Vincent N. Parrillo"
Rereading America: Cultural Contexts for Critical Thinking and Writing,
Columbo, Cullen and Lisle, (New York: Bedford/St. Martin's Press, 2004).

          Parrillo presents the complicated array of sources of prejudice, incorporating both psychological and sociological perspectives. Within the psychological explanation, prejudice may originate in the cognitive level as beliefs or perceptions of another group as threatening, inferior, seclusive or intrusive or other negative categories. The rejection of all outgroups as inferior is called "ethnocentrism." The emotional level of prejudice incorporates the negative emotions of fear or envy or contempt. This does not explain the source of these beliefs and emotions. Furthermore, these do not always lead to action, they exist solely within the mind. The action-oriented level of prejudice refers to the tendency to act based on the emotions and beliefs, but the explanation of action requires another level of analysis.

          Parrillo includes several explanations of the source of beliefs and emotions of prejudice. The natural human need for self-justification can either follow subjugation, or merely explain social distancing as a psychological balancing act. It can also derive independently from the prestige hierarchy and precede any action. Those who explain prejudice as a consequence of an authoritarian personality claim that abuse of people in minority groups represents displaced aggression to compensate for feelings of insecurity and fear. However, the correlation between harsh discipline of children and authoritarian is not proof of a linear causation. Prejudice may also arise from attitudes learned from adults independently apart from the discipline process, or it may derive from a broader, common social environment. Another psychological explanation attributes prejudice to low self-esteem.

          Explanations at the boundary of psychology and sociology blame prejudice on frustration as a result of relative deprivation, the redirection of anger toward a visible vulnerable and socially acceptable target. On the large scale this is known as scape-goating, which requires a group that is highly visible according to physical appearance, not strong enough to strike back, in easy access and concentrated in one area, a past target of hostility and a symbol of an unpopular concept. Many different groups have fit this description in times past. The most interesting support for this explanation is the correlation found by Hovland and Sears between the decline of cotton prices and increasing numbers of Blacks lynched between 1882 and 1930.

          This explanation ignores the role of culture and fails to show a causal relation-sometimes aggression does not come from frustration and sometimes frustration does not lead to aggression.

          Sociology attributes prejudice to the natural process by which individuals acquire the values, attitudes, beliefs and perceptions of other people in their social group. Although this explains the transmission of prejudice between generations, it does not explain the origin, or the rise or fall in relative levels of prejudice.
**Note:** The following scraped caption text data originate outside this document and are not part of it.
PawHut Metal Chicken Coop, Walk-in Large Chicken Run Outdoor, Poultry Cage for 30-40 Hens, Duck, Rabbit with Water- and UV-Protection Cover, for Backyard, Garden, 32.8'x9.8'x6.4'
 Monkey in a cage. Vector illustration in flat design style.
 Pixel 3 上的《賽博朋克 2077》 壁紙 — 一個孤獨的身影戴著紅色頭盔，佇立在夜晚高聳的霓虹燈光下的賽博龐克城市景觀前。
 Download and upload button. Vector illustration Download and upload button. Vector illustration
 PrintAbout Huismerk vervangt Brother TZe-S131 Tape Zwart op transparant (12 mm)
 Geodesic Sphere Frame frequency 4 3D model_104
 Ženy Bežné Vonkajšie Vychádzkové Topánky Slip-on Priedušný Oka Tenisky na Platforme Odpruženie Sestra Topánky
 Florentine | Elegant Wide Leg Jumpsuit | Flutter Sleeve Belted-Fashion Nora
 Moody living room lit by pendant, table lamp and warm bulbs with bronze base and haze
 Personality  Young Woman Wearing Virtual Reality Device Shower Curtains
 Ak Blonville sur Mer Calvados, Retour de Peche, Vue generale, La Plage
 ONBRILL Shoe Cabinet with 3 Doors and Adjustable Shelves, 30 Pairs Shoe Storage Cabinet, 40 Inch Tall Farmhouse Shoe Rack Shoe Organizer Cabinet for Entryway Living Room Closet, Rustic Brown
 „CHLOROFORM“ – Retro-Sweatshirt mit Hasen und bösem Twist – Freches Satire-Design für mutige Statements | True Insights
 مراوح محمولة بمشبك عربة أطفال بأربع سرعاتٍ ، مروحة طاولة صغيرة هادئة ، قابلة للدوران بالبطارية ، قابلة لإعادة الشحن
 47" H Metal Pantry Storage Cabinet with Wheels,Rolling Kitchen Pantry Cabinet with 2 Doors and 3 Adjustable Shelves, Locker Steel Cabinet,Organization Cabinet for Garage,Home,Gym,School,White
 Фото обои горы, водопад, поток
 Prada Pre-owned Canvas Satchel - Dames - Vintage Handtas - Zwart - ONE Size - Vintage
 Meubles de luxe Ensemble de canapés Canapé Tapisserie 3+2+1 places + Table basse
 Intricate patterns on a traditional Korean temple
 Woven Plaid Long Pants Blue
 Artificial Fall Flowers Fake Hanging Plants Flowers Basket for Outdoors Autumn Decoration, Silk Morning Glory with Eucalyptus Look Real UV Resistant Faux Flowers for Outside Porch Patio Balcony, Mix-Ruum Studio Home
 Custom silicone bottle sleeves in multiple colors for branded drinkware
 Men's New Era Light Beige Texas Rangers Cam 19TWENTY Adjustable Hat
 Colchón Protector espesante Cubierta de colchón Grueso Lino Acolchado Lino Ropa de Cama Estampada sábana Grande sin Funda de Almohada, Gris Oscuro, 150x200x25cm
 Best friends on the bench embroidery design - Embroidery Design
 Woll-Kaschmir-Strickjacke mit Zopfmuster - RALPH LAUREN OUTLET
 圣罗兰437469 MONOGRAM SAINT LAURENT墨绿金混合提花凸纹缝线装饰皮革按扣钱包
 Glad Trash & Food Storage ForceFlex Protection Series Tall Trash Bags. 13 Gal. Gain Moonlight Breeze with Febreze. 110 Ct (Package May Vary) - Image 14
          American history does show some correlation between economic competition and hostility-such as the rise in nativist groups during economic depressions and the decline of antagonism when groups retreat into urban enclaves and specialty occupations. However, this explanation fails to explain prejudice against groups that are too small or economically too distant to pose a threat to the dominant group.

          The concept of social norms claims that prejudice targets people in those groups that violate social norms. It also produces incentives and reprisals to make people conform, even in the case of conforming to community norms of prejudice against some outgroup. According to researchers, " . . . induced compliance can change social significant attitudes," which affects the broader structure of belief (589).